To me the central thing about math is that it is platonism-reified.

When a mathematician does mathematics what they are doing is performing that reification.

Note the fine dance that's already in evidence here:

• The mathematICS lives in the platonic realm
• Doing the math is in the empirical realm
• The mathematiCIAN is a dancer between the two

# Longer version

While we are here primarily talking of platonism1 in math we need to start at least a bit with Platonism by itself ie. Plato qua Plato.

## Platonism

A very brief graphical outline of Platonism is this.

Its broad contours may be described thus:

• We inhabit two worlds
• called by Plato — the sense-ible and the intelligible worlds
• called after Plato — the physical and the Platonic
• in more modern terminology — the Empirical and the Rational
• The physical is what we directly see/perceive but is just shadow, not real. The intelligible that we don't see but is the real can — if we try and are rightly educated — be intuited
• Philosophy is that practice (notice the empirical hiding here?) of sharpening those intuitions.

This understanding is so simple yet overwhelming in its scope that Whitehead said of it:

All of western philosophy is just footnotes to Plato.

It remains 2 millennia later in Kant's phenomenon-noumenon and is sufficiently universal to be found cross culturally, vide Vedanta's Maya-Brahman.

But what does this have to do with math?? you may ask!

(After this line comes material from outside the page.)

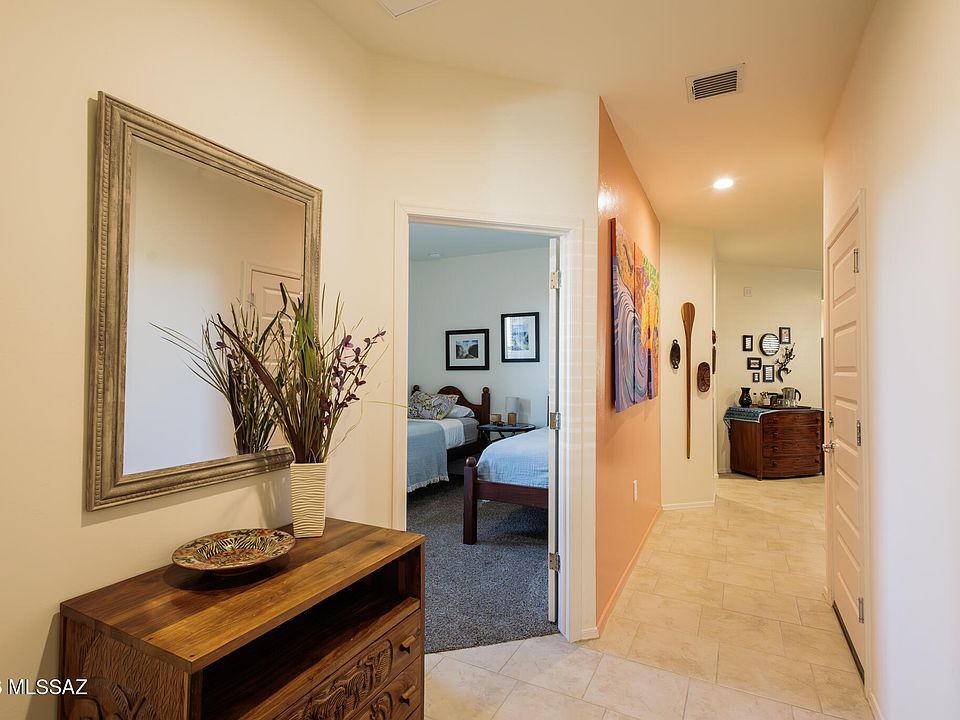 9304 W Tenaza Ln, Marana, AZ 85653 | Zillow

Right — Lets hear it from Plato himself. This is the inscription over his academy:

Let none but mathematicians enter here2
Plato

Now this (should) rightly confuse one who's a bit familiar with the history: Plato was a philosopher! Why does he insist on math?

Because just as speaking English, dressing decently, having enough means to commute, buy books etc is a prerequisite to enrolling in a school, the same way according to Plato, math-ability is a prerequisite to philosophical ability.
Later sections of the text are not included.